AS'AD ABU KHALIL is a professor of political science at California State University, Stanislaus and visiting professor at University of California, Berkeley. He is the author of Historical Dictionary of Lebanon (1998) and Bin Laden, Islam & America's New "War on Terrorism" (2002). He maintains a blog, The Angry Arab News Service, in which he describes himself as an "atheist secularist".
MARJORIE MILLER Prior to her appointment as London bureau chief in 1998, Miller held several bureau chief positions for The Times: Jerusalem (1995-1998), Bonn (1993-1995), Mexico City (1988-1993) and San Salvador (1985-1988). She served two years as a staff reporter covering the U.S.-Mexico border for The Times' former San Diego County edition and earlier completed reporting internships in Washington, D.C. and Los Angeles.

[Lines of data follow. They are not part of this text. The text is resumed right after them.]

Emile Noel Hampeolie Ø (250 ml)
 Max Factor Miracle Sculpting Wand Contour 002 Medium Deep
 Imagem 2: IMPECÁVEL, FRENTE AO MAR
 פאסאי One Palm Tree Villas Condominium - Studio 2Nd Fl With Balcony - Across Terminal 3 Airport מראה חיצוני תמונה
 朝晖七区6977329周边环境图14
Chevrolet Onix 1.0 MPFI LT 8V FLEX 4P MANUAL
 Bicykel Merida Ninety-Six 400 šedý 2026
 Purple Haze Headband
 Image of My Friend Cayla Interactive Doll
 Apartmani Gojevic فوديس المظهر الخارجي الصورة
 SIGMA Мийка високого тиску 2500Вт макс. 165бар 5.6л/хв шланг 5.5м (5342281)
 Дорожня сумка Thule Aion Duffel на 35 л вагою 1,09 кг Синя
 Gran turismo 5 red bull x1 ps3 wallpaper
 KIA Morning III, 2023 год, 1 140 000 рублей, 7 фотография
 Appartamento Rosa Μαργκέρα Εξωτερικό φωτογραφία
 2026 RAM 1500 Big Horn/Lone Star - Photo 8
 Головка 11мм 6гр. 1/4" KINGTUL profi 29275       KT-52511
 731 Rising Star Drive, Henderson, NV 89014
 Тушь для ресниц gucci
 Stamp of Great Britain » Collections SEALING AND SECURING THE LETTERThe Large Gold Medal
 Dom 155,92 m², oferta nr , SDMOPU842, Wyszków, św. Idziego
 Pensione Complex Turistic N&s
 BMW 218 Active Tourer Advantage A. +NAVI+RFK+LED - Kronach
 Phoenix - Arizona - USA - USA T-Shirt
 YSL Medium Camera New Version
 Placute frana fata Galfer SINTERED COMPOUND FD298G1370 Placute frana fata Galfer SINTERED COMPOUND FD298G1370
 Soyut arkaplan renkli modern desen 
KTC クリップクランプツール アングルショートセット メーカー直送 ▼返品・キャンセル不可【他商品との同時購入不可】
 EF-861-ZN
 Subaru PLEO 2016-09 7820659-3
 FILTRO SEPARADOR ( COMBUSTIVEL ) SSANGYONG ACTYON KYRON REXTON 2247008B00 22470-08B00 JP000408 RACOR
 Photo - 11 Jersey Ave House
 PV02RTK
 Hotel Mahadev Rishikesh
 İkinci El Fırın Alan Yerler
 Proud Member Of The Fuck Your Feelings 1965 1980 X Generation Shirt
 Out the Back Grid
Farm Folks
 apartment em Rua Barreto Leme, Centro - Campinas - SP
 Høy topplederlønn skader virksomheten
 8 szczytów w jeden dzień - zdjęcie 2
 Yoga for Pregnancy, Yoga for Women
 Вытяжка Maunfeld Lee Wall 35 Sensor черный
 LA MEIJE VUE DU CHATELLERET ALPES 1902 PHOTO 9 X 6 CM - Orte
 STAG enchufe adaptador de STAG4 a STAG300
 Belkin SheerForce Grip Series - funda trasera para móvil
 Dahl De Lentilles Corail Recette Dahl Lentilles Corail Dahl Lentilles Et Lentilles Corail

NICHOLAS GOLDBERG Formerly a bureau chief for Newsday, Nicholas Goldberg edits the op-ed page and the Current section of the Los Angeles Times.
JOSH RUSHING was a United States Marine Captain who was a press officer for United States Central Command (CENTCOM) during the 2003 Invasion of Iraq. He became famous for his appearance in the documentary Control Room, which documented his conversations with Al Jazeera correspondent Hassan Ibrahim. After the Pentagon ordered him not to comment on the movie , he left the Marine Corps and is now working for Al Jazeera English.
GIL HOCHBERG Gil Zehava Hochberg (Ph.D. UC Berkeley; Assistant professor of Comparative Literature, UCLA) specializes in contemporary Levantine literatures (North Africa, Israel, Palestine). She is especially interested in Transnational and Diaspora studies, language politics. [More]
IAN MASTERS is a BBC-trained broadcast journalist who has covered national security affairs for over 25 years on public radio. He is the host of "Background Briefing" and "Live From The Left Coast" on KPFK (90.7FM) Sundays 11AM to 1PM. He has produced documentaries for ABC News and "Frontline" and edited a number of features and documentaries including "The Secret Life of Plants" and "Koyannisqatsi". As a screenwriter he adapted Robert Ludlum's "The Osterman Weekend" and has worked as a script consultant on "Under Seige", "The Fugitive" and "Chain Reaction". He has been a senior fellow at UCLA's Center For Strategic and International affairs and the UCLA Center For International Relations and was a consultant to the Center For National Security Studies at Los Alamos National Laboratory.
AAMIR MUFTI Aamir Mufti teaches Comparative Literature at UCLA. He worked for his Ph.D. in English and Comparative Literature at Columbia University with Edward Said. He also studied Anthropology at the London School of Economics and at Columbia, with a regional focus on North Africa. He is a co-editor of Dangerous Liaisons: Gender, Nation, and Postcolonial Perspectives (Minnesota), editor of "Critical Secularism," a special issue of the journal boundary 2, and author of Enlightenment in the Colony: The Jewish Question and Dilemmas in Postcolonial Culture (Princeton).
I can't go because I have students to subvert and I owe several editors book reviews and film reviews and an essay or two.
Your assignment? Go and report back to me. This is a stellar line up. Don't miss it.